• **TRY IT**: In the entries below, find the line with "Tech T-Shirt - Womens - marine 1" and the line with "Alamen ANY SIZE", then retype both and everything between them exactly. Do not copy the pictures.

• **EXERCISE MATERIALS**:
=== Section Start ===

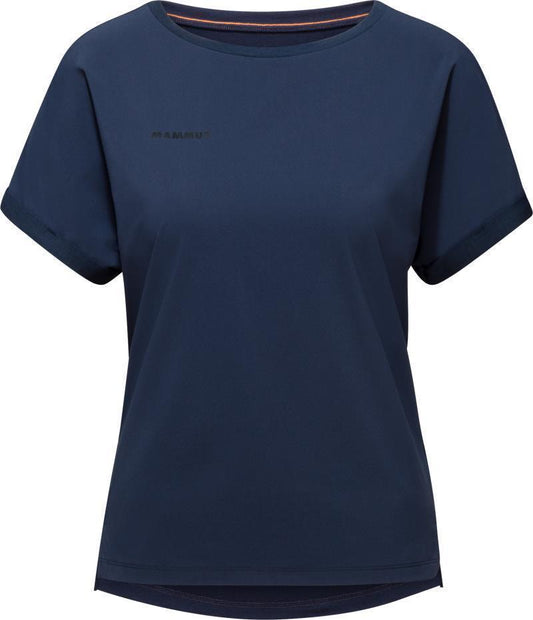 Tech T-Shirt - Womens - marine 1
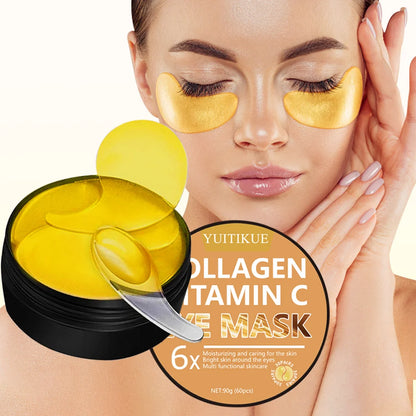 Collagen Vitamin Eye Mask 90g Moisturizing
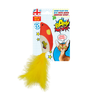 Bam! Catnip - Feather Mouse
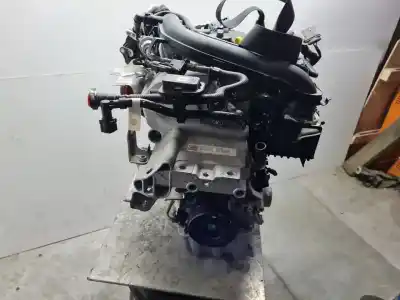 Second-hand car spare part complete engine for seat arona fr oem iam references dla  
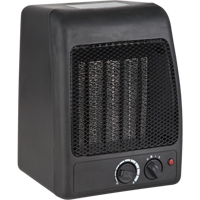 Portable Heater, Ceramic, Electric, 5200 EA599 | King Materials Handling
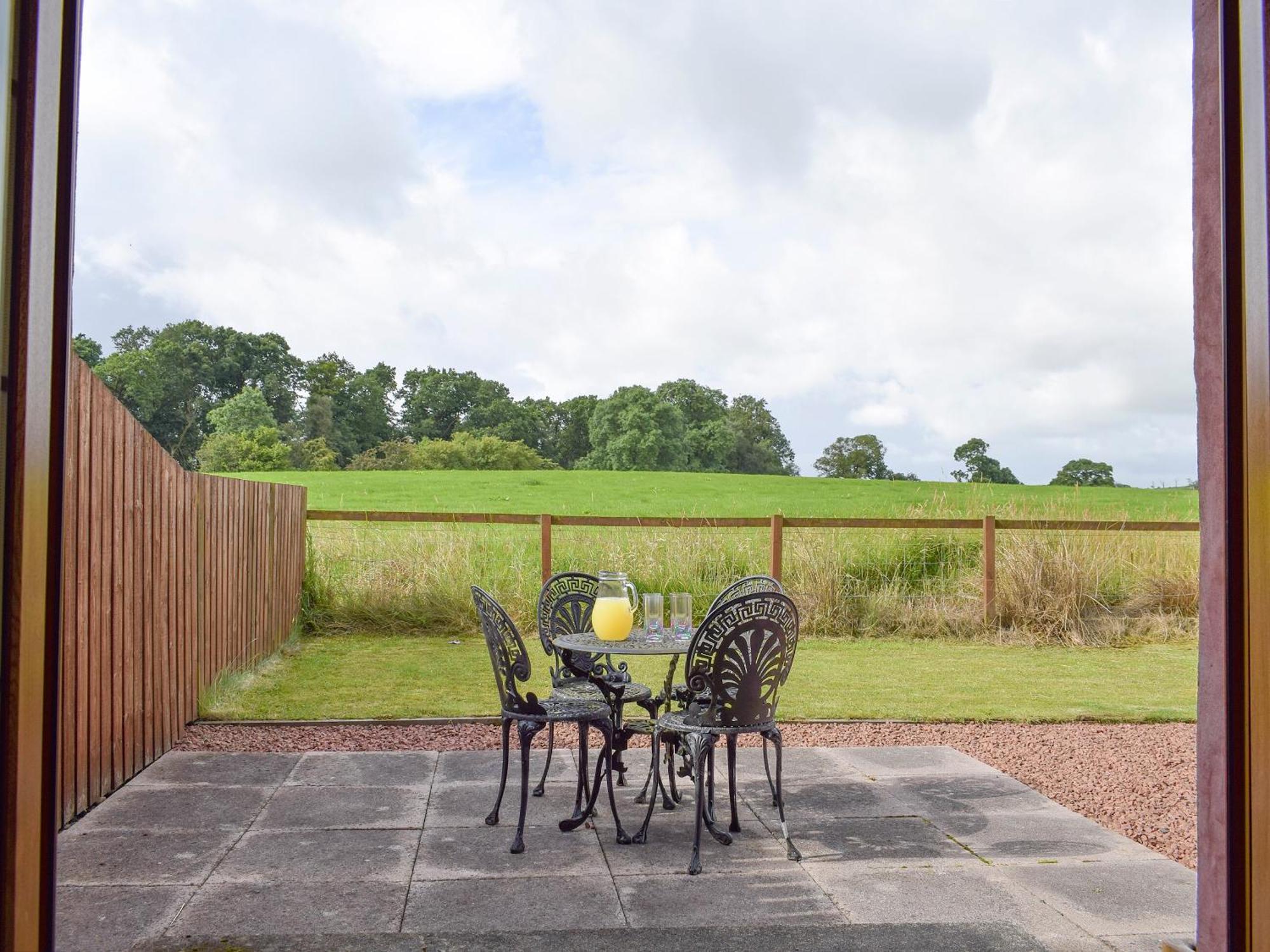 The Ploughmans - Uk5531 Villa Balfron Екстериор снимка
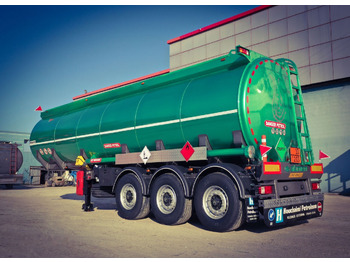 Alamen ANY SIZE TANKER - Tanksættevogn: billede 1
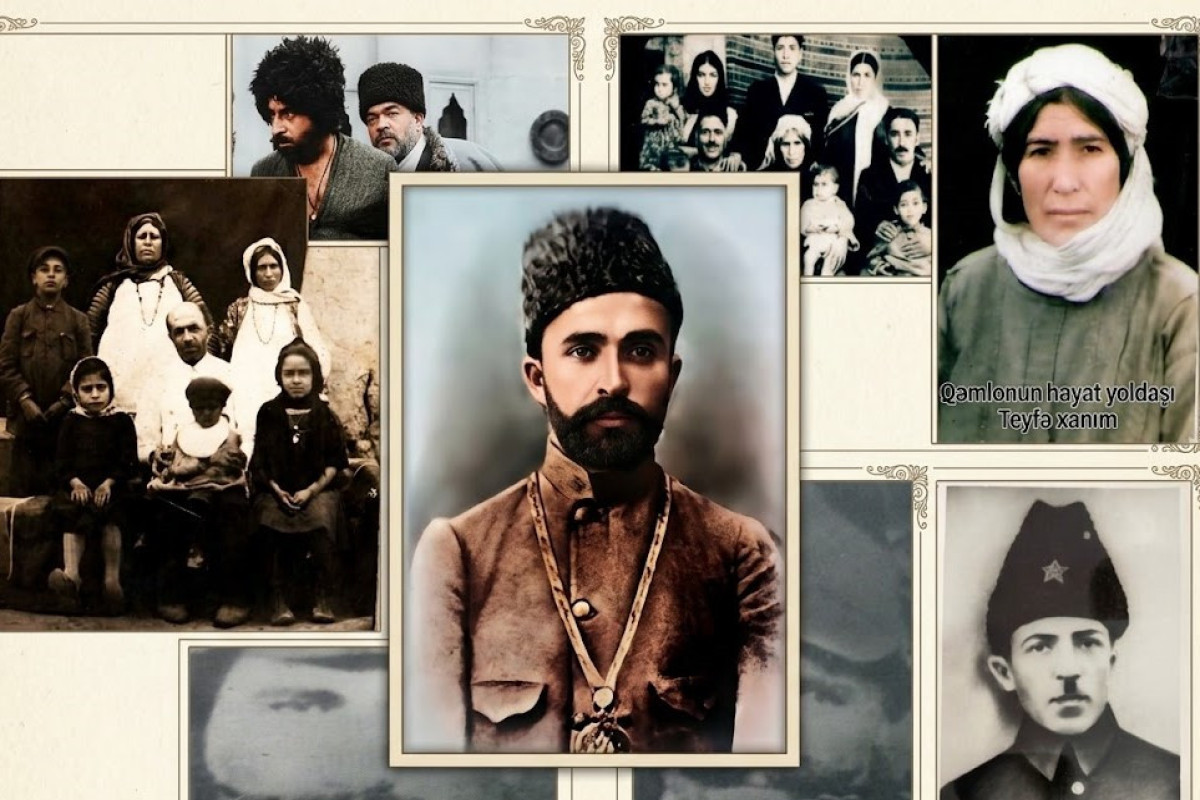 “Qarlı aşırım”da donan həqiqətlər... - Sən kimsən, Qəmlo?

=== Section End ===
=== Section Start ===

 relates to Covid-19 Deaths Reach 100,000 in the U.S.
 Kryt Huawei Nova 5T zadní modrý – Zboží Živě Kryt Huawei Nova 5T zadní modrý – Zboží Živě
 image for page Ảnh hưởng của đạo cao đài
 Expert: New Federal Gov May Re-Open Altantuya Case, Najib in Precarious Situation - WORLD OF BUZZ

=== Section End ===
=== Section Start ===

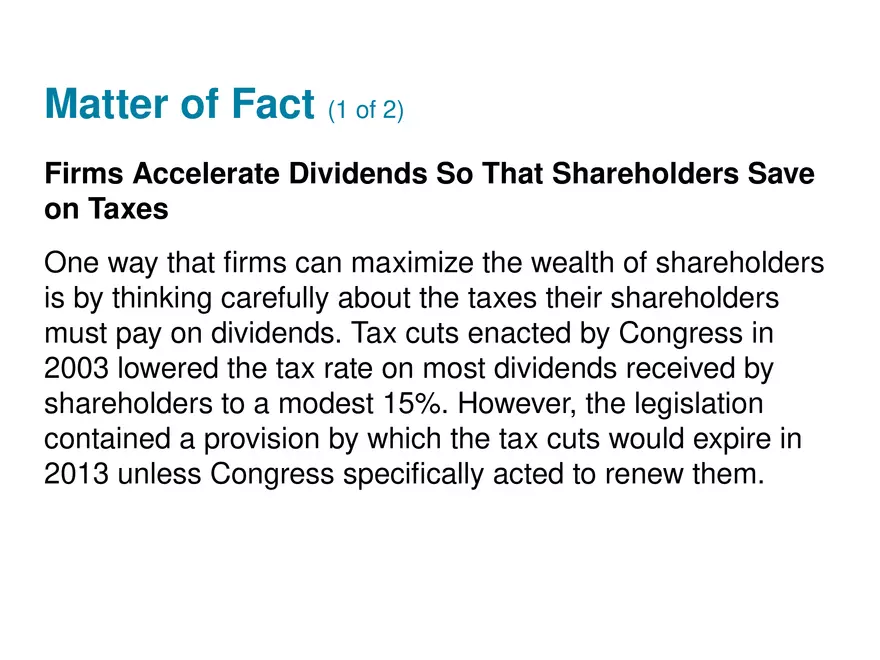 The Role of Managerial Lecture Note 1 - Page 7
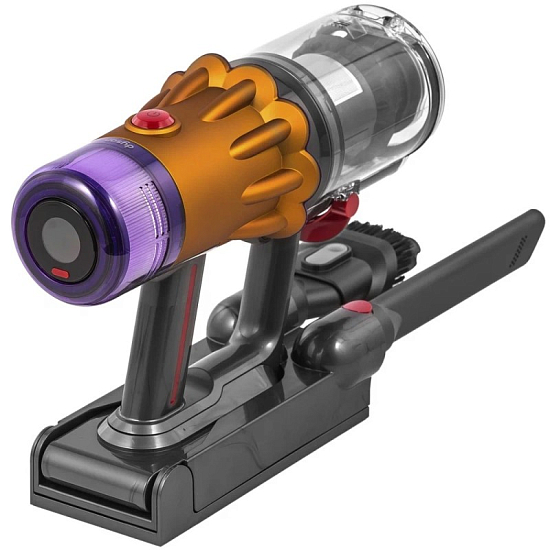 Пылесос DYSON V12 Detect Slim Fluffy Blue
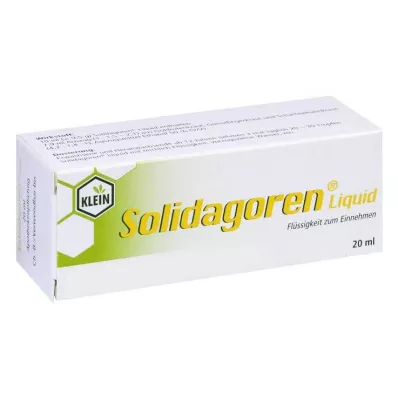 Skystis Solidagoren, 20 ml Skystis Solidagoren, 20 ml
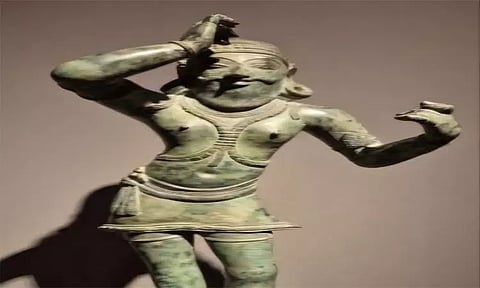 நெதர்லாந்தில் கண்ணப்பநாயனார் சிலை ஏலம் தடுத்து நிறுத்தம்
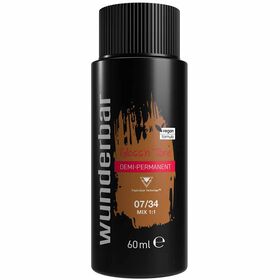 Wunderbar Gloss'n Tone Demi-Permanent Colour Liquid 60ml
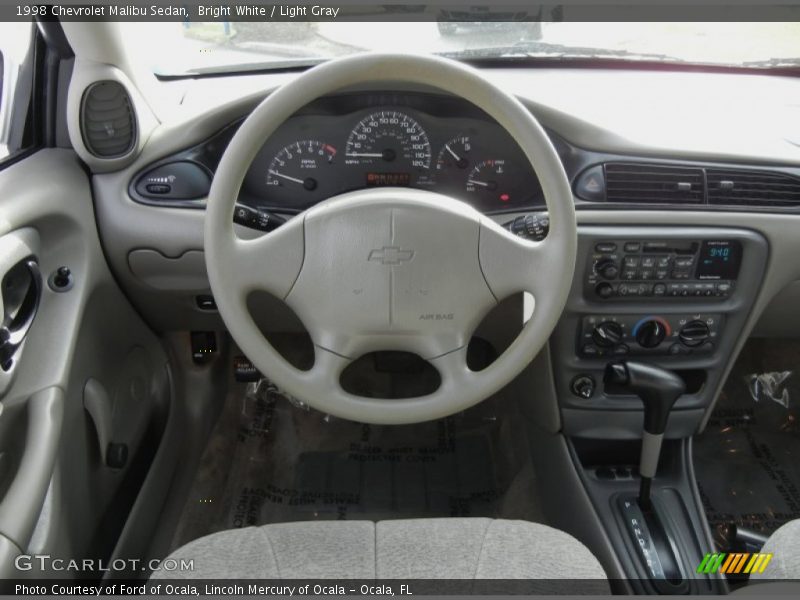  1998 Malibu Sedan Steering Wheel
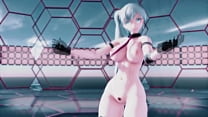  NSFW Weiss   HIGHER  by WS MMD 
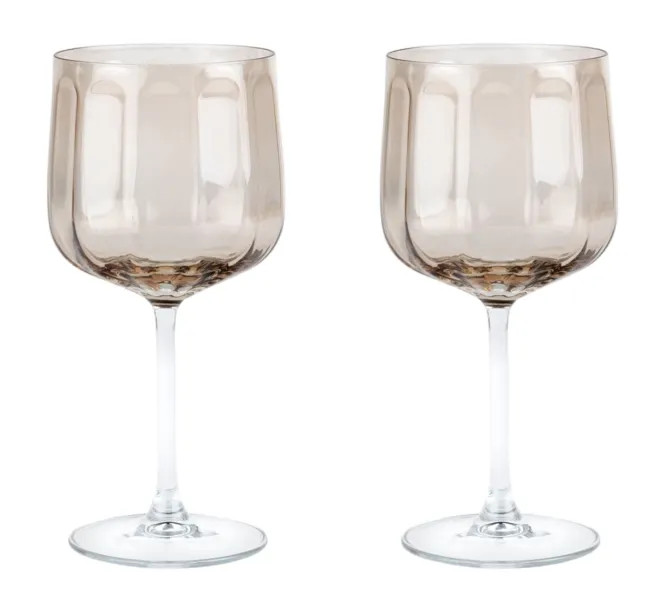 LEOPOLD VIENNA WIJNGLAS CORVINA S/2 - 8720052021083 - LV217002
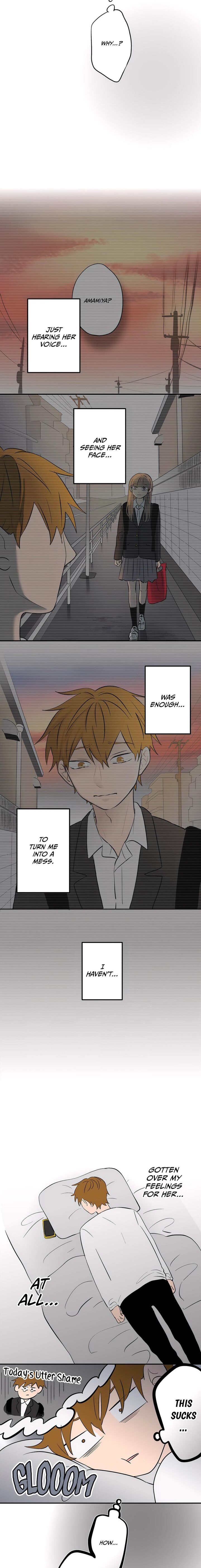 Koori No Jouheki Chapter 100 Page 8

=== Section End ===

• **RESULT FOR THIS TASK**:
 Tech T-Shirt - Womens - marine 1
 Collagen Vitamin Eye Mask 90g Moisturizing
 Bam! Catnip - Feather Mouse
 Second-hand car spare part complete engine for seat arona fr oem iam references dla  
 Portable Heater, Ceramic, Electric, 5200 EA599 | King Materials Handling
 The Ploughmans - Uk5531 Villa Balfron Екстериор снимка
 Alamen ANY SIZE TANKER - Tanksættevogn: billede 1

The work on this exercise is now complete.